← Back to context

Comment by binarymax

1 day ago

What kinds of tasks does Opus refuse? I’m a light daily user for the past 3 months and Opus has never refused a task for me.

The later Opus models (4.7/4.8), Sonnet 5, and particularly Fable 5 will refuse to do tasks related to offensive security.

One example I've hit is working on a benchmark of how well LLMs handle Kubernetes security tasks, there's a section on them exploiting security misconfigurations. Opus 4.6 was fine with that section, 4.7 and 4.8 saw some refusals and Fable point blank refused to do any of it.

The only other model I've seen refuse is OpenAI GPT-5.5, all the open weight models seem fine with it.

Ofc if you need to do that kind of work a lot you might be able to get on OpenAI/Anthropics allow-list for cyber work.

One project I have deals with countries, and any time it touches code related to countries, it stops.

I've also had it refuse security-related tasks, and occasionally it stops without any discernible reason.

I’ve never had a refusal coding, and in some areas (AI red teaming specifically) I’ve found it quite good at recognizing and discussing “white hat” stuff that in the past I think would have got refusals.

But when there was the Hantavirus thing a while back, I asked it if there was a vaccine under development and got a refusal immediately.

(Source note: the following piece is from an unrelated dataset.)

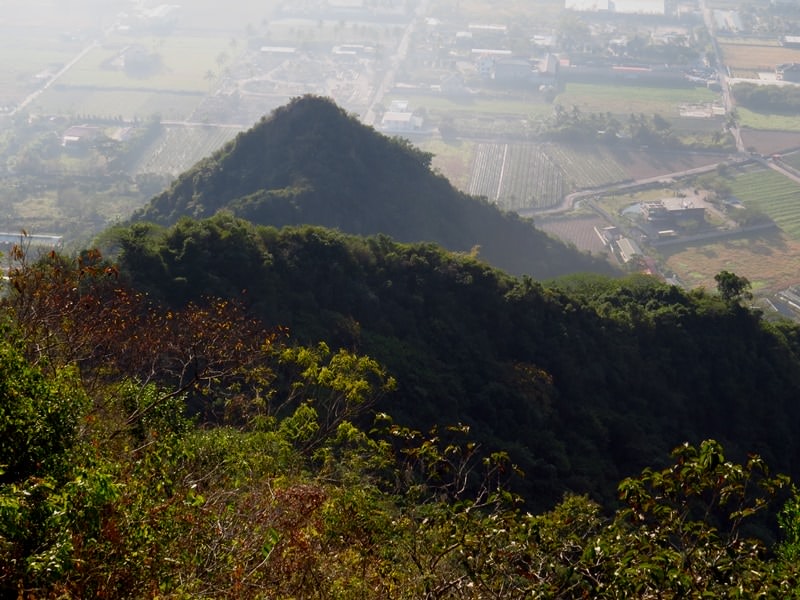 【高雄】旗靈大縱走、美濃中正湖、美光粄條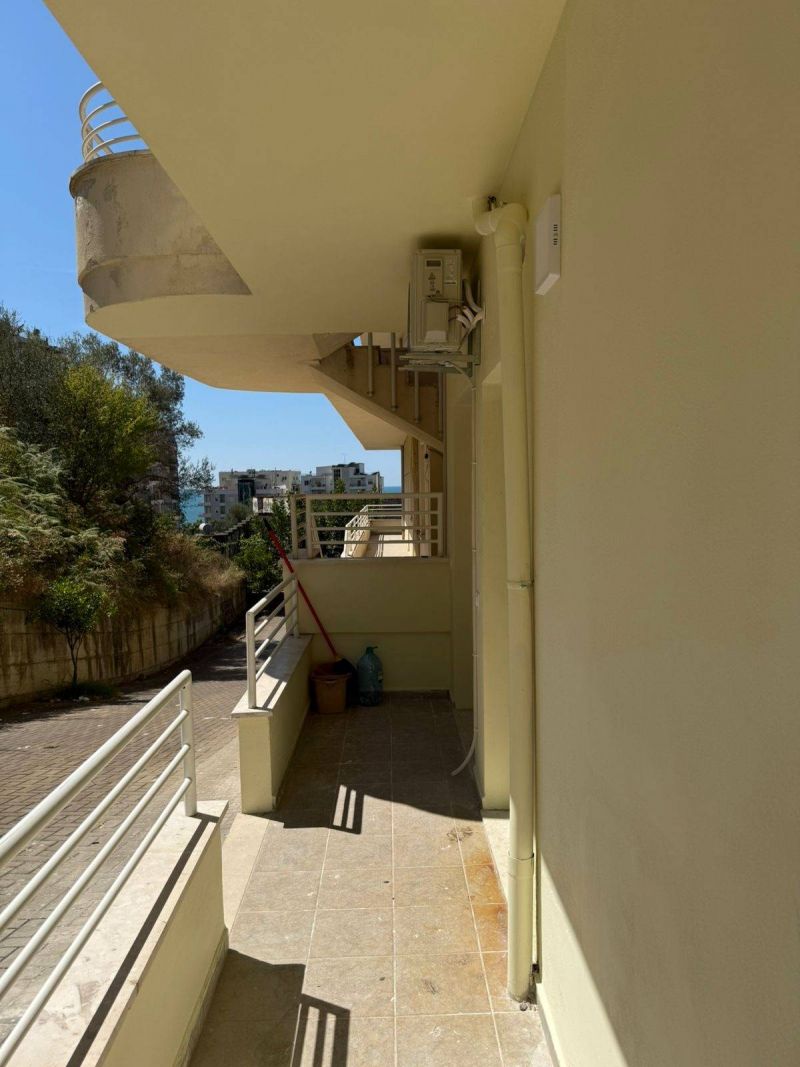 Štýlový 1+1 apartmán s čiastočným výhľadom na more - 16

I’ve had a few like that. It seems they’ve implemented really poor guardrails on certain topics (CBRN and cyber) that have lots of false positives. But if you actually chat with the model itself it’s quite lucid about what is legitimately dangerous and what is just performative “AI Safety” style refusal.

  • Yeah, I’ve had Opus (and Fable) perform full security audits on my codebases that would run for 30mins. That’s what I think would have tripped it but went just fine.

    • I had it debug why Firefox crashed on my prototype X11 server and got a refusal when it started digging into what exact payload triggered the crash.

      But that's the only refusal I managed to get.

    • Try using it as an agent to perform black box security testing on a live instance of your codebase (assuming it's a hosted service).